Risk of damage to or loss of the goods shall pass to the Renter:
(i) in the case of goods to be delivered at Dryspace’s premises, at the time when Dryspace notifies the Renter that the goods are available for collection; or
(ii) in the case of goods to be delivered otherwise than at Dryspace’s premises, at the time of delivery or, if the Renter wrongfully fails to take delivery of the goods, the time when Dryspace has tendered delivery of goods.
9.1 Notwithstanding delivery and the passing of risk in the goods, or any other provision of these Conditions, property in the contract of rented goods shall not pass to the Renter until Dryspace has received in cash or cleared funds payment in full – the price of the contract rented goods and all other goods agreed to be rented by Dryspace to the Renter for which payment is due.
9.2 At all times the rented goods remain the property of Dryspace, who will exercise any right available to them to ensure return of goods in an appropriate condition.
It is the Renter’s responsibility to ensure that the rented goods are properly insured and cover is appropriate to cover the Dryspace structure and all associated accessories covered in the rental agreement.
9.3 Notwithstanding delivery and the passing of risk in the goods, or any other provision of these Conditions, property in the contract of rented goods shall not pass to the Renter until Dryspace has received in cash or cleared funds payment in full – the price of the contract rented goods and all other goods agreed to be rented by Dryspace to the Renter for which payment is due.
9.4 At all times the rented goods remain the property of Dryspace, who will exercise any right available to them to ensure return of goods in an appropriate condition.

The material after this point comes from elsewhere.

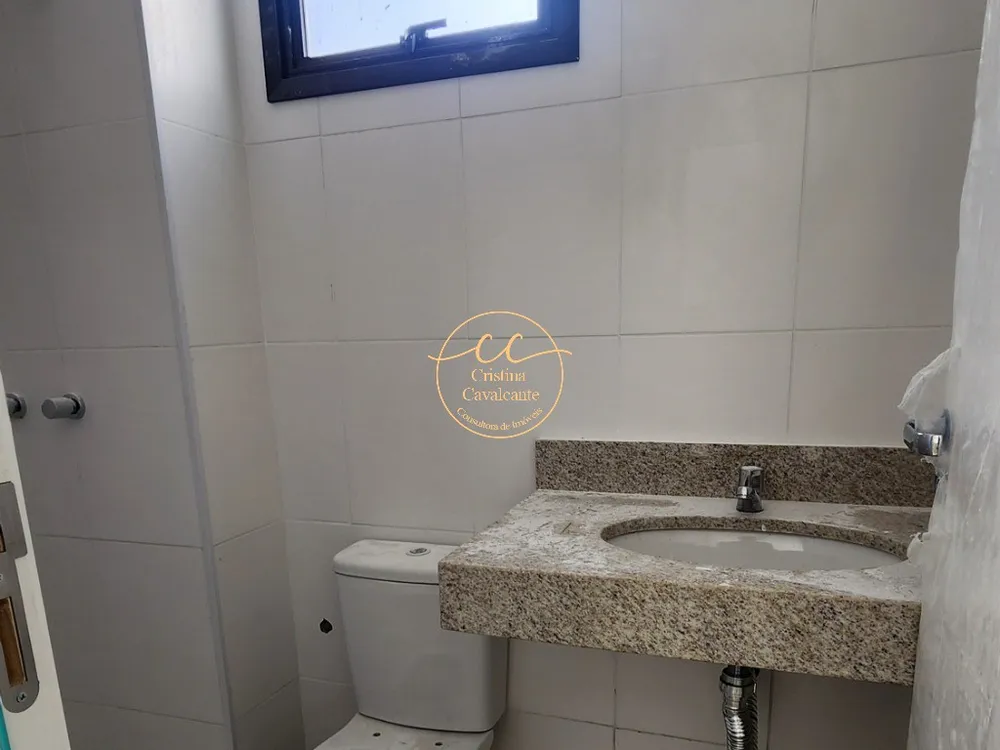 Cobertura, 2 quartos, 124 m² - Foto 24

It is the Renter’s responsibility to ensure that the rented goods are properly insured and cover is appropriate to cover the Dryspace structure and all associated accessories covered in the rental agreement.
Warranties and Liability
10.1 Dryspace warrants that the goods will correspond with their specification and will be free from defect in material and workmanship at the time of delivery provided that the above warranty is given by Dryspace subject to the following conditions
(i) Dryspace shall be under no liability in respect of any defect in the goods arising from drawings design or specification supplied by the Renter.
(ii) Dryspace shall be under no liability under the above warranty (or any other warranty, condition or guarantee) if the total price for the contract rental goods has not been paid by the due date for payment;
(iii) the above warranty does not extend to parts, materials or equipment, not manufactured by Dryspace /Inflate, in respect of which the Renter shall only be entitled to the benefit of any such warranty or guarantee as is given by the manufacturer of those products.

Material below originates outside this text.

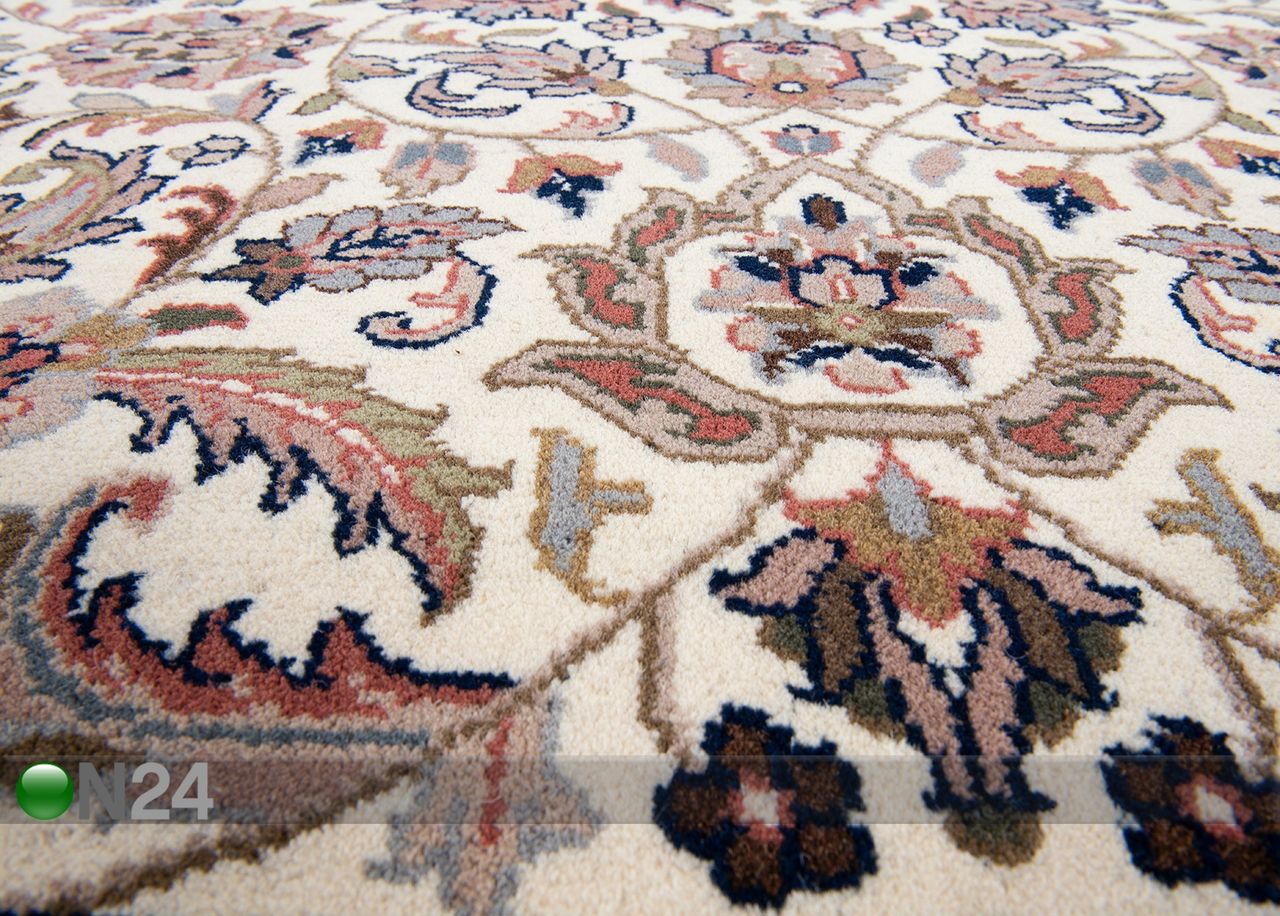 Ковер Benares Isfahan 250x350 см увеличить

10.2 Subject as expressly provided in these Conditions, all warranties, conditions or other terms implied by statute or common law are excluded to the full extent permitted by law.

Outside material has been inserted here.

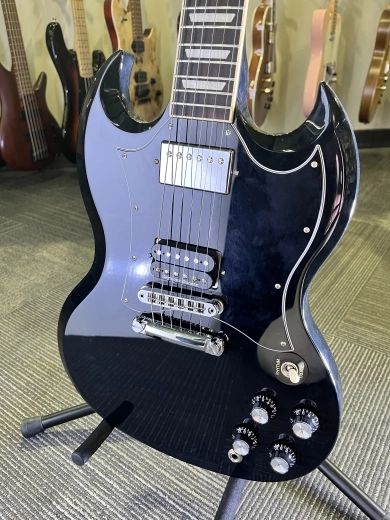 Gibson - SG Standard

10.3 Any claim by the Renter which is based on any defect in the quality or condition of the goods or their
failure to correspond with specifications shall (whether or not delivery is refused by the Renter) be notified to Dryspace within (14) days from the date of delivery or (where the discovery of the defect or failure was not apparent on reasonable inspection) within a reasonable time after discovery of the defect or failure. If delivery is not refused, and the Renter does not notify Dryspace accordingly, the Renter shall not be entitled to reject the contract rental goods and Dryspace shall have no liability for such defect or failure and the Renter shall be bound to pay the price as if the goods had been delivered in accordance with the contract. Dryspace’s liability in respect of any claim based on any defect in the quality or condition of the goods or their failure to meet the specification notified to the Renter in accordance with these Conditions shall be limited to the free replacement of the contract goods or any defective part thereof or, at Dryspace’s sole discretion.